▸ **Work task**: What follows is a set of records. Repeat them word for word.

Scraped caption text data:
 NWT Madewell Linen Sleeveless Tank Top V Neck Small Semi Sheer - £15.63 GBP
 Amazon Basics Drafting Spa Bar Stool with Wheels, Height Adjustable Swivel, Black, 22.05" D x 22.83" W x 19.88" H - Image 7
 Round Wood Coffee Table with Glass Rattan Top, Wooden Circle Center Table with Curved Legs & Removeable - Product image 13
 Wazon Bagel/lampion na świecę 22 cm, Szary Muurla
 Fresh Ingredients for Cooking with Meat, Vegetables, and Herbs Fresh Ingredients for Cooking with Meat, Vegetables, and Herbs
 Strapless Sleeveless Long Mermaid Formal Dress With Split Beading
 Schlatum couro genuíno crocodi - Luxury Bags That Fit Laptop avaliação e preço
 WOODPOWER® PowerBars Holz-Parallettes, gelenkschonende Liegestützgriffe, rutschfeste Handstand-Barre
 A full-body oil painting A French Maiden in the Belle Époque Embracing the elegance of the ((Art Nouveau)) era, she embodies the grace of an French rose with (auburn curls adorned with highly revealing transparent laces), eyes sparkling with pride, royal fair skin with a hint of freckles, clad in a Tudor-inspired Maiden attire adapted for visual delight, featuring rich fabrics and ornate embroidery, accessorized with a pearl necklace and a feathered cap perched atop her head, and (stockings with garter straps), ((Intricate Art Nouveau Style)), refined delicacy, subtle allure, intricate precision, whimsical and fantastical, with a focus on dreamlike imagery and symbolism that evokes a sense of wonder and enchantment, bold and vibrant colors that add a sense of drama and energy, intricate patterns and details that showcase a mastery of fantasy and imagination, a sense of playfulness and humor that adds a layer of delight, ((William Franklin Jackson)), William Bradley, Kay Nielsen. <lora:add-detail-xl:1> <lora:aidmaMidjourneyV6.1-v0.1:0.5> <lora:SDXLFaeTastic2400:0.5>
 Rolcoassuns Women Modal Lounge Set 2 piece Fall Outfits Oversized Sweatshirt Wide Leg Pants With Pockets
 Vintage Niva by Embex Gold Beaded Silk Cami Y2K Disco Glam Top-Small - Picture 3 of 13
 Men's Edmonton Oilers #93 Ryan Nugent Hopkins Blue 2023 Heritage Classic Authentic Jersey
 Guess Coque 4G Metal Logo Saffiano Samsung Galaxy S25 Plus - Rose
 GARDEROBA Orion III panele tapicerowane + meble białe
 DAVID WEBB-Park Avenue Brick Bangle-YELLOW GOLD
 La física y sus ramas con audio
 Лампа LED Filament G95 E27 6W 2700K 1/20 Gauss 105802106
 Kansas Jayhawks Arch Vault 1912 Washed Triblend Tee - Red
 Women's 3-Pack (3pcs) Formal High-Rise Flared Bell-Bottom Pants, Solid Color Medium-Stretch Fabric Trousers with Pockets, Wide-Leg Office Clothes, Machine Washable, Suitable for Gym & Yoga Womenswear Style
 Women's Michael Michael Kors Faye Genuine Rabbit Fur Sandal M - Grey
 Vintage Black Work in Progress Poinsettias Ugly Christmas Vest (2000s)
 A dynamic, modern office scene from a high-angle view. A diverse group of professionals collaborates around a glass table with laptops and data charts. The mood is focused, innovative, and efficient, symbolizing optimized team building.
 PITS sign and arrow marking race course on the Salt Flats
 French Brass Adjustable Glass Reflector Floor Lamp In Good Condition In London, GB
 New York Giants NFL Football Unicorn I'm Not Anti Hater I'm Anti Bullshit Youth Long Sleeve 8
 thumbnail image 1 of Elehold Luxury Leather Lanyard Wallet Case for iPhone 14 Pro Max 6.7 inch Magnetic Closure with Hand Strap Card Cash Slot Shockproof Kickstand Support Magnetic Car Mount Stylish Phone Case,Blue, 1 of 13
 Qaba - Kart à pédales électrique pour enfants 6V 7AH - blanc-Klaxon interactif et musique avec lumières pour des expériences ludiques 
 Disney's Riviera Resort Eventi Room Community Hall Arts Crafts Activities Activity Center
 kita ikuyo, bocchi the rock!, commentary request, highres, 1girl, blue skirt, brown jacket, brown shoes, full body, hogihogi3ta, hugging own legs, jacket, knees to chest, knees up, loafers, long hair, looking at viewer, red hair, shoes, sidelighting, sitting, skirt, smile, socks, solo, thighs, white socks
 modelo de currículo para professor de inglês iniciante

▸ **Task output**:
 NWT Madewell Linen Sleeveless Tank Top V Neck Small Semi Sheer - £15.63 GBP
 Amazon Basics Drafting Spa Bar Stool with Wheels, Height Adjustable Swivel, Black, 22.05" D x 22.83" W x 19.88" H - Image 7
 Round Wood Coffee Table with Glass Rattan Top, Wooden Circle Center Table with Curved Legs & Removeable - Product image 13
 Wazon Bagel/lampion na świecę 22 cm, Szary Muurla
 Fresh Ingredients for Cooking with Meat, Vegetables, and Herbs Fresh Ingredients for Cooking with Meat, Vegetables, and Herbs
 Strapless Sleeveless Long Mermaid Formal Dress With Split Beading
 Schlatum couro genuíno crocodi - Luxury Bags That Fit Laptop avaliação e preço
 WOODPOWER® PowerBars Holz-Parallettes, gelenkschonende Liegestützgriffe, rutschfeste Handstand-Barre
 A full-body oil painting A French Maiden in the Belle Époque Embracing the elegance of the ((Art Nouveau)) era, she embodies the grace of an French rose with (auburn curls adorned with highly revealing transparent laces), eyes sparkling with pride, royal fair skin with a hint of freckles, clad in a Tudor-inspired Maiden attire adapted for visual delight, featuring rich fabrics and ornate embroidery, accessorized with a pearl necklace and a feathered cap perched atop her head, and (stockings with garter straps), ((Intricate Art Nouveau Style)), refined delicacy, subtle allure, intricate precision, whimsical and fantastical, with a focus on dreamlike imagery and symbolism that evokes a sense of wonder and enchantment, bold and vibrant colors that add a sense of drama and energy, intricate patterns and details that showcase a mastery of fantasy and imagination, a sense of playfulness and humor that adds a layer of delight, ((William Franklin Jackson)), William Bradley, Kay Nielsen. <lora:add-detail-xl:1> <lora:aidmaMidjourneyV6.1-v0.1:0.5> <lora:SDXLFaeTastic2400:0.5>
 Rolcoassuns Women Modal Lounge Set 2 piece Fall Outfits Oversized Sweatshirt Wide Leg Pants With Pockets
 Vintage Niva by Embex Gold Beaded Silk Cami Y2K Disco Glam Top-Small - Picture 3 of 13
 Men's Edmonton Oilers #93 Ryan Nugent Hopkins Blue 2023 Heritage Classic Authentic Jersey
 Guess Coque 4G Metal Logo Saffiano Samsung Galaxy S25 Plus - Rose
 GARDEROBA Orion III panele tapicerowane + meble białe
 DAVID WEBB-Park Avenue Brick Bangle-YELLOW GOLD
 La física y sus ramas con audio
 Лампа LED Filament G95 E27 6W 2700K 1/20 Gauss 105802106
 Kansas Jayhawks Arch Vault 1912 Washed Triblend Tee - Red
 Women's 3-Pack (3pcs) Formal High-Rise Flared Bell-Bottom Pants, Solid Color Medium-Stretch Fabric Trousers with Pockets, Wide-Leg Office Clothes, Machine Washable, Suitable for Gym & Yoga Womenswear Style
 Women's Michael Michael Kors Faye Genuine Rabbit Fur Sandal M - Grey
 Vintage Black Work in Progress Poinsettias Ugly Christmas Vest (2000s)
 A dynamic, modern office scene from a high-angle view. A diverse group of professionals collaborates around a glass table with laptops and data charts. The mood is focused, innovative, and efficient, symbolizing optimized team building.
 PITS sign and arrow marking race course on the Salt Flats
 French Brass Adjustable Glass Reflector Floor Lamp In Good Condition In London, GB
 New York Giants NFL Football Unicorn I'm Not Anti Hater I'm Anti Bullshit Youth Long Sleeve 8
 thumbnail image 1 of Elehold Luxury Leather Lanyard Wallet Case for iPhone 14 Pro Max 6.7 inch Magnetic Closure with Hand Strap Card Cash Slot Shockproof Kickstand Support Magnetic Car Mount Stylish Phone Case,Blue, 1 of 13
 Qaba - Kart à pédales électrique pour enfants 6V 7AH - blanc-Klaxon interactif et musique avec lumières pour des expériences ludiques 
 Disney's Riviera Resort Eventi Room Community Hall Arts Crafts Activities Activity Center
 kita ikuyo, bocchi the rock!, commentary request, highres, 1girl, blue skirt, brown jacket, brown shoes, full body, hogihogi3ta, hugging own legs, jacket, knees to chest, knees up, loafers, long hair, looking at viewer, red hair, shoes, sidelighting, sitting, skirt, smile, socks, solo, thighs, white socks
 modelo de currículo para professor de inglês iniciante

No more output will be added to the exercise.